I have completed my task. You have taken a stand and decided where you want your life to go. You are ready for the challenge that will come – both physically and emotionally. You have made a choice that many questioned yet you knew it was the right one and have never waivered. And it has made me love you more.

These next weeks will be challenging ones. When sometimes you question this decision know that I am with you nodding that it is the right choice. When your body is tired and aching know that I am with you comforting you and pushing you forward. I believe in you more than I ever could before.

It is time to let the child that I have nurtured and held on to all these years go. Instead I will gain a son that has become a man, a Marine. In the coming weeks, after you have completed this task you will give me a gift. I will become one of the lucky ones who can wear the title of “Marine Mom” with pride.

As I said, I know you don’t do emotion well, and that is all I am made of. I know how you feel and that is all that matters.
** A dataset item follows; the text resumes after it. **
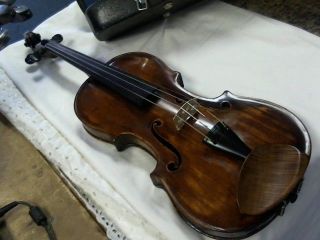 Violin 4/4 Violin (vp1001824) photo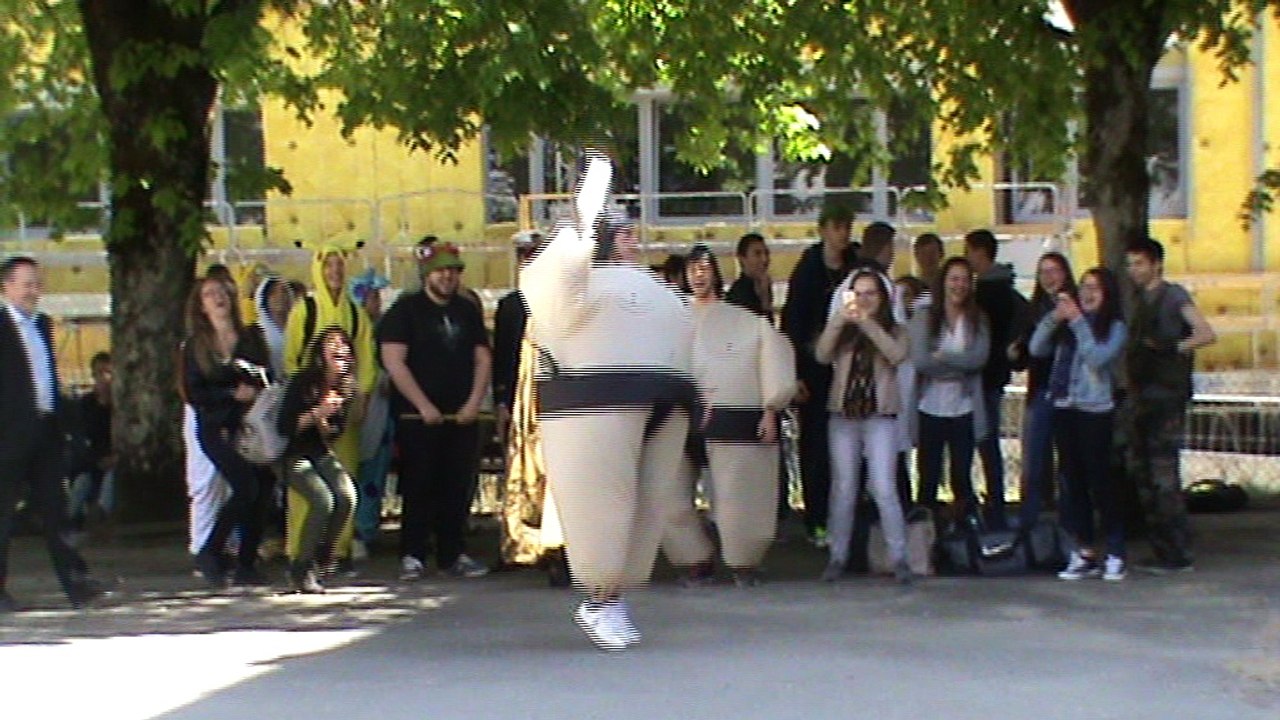 carnaval 2017 du lycée Carriat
Semper Fi Alex, Semper fi.

Love Mom

This Is My Journey With My Son

This is my journey with my son. It is one that I did not expect and am learning how to deal with as we stumble along.

My son is a United States Marine. I am both extremely proud and extremely worried. Like anything else, unless you walk in the shoes, you cannot truly understand it and the emotions that come with it.

It is described as a rollercoaster ride by those that I have met in the military family. Well, I hate rollercoasters!

I am not blogging trying to sway anyone's beliefs, views, or attitudes. This is just my way of sharing the ride my son has taken me, and therefore his extended family on. At times it may be very personal, always heartfelt, and blatently honest.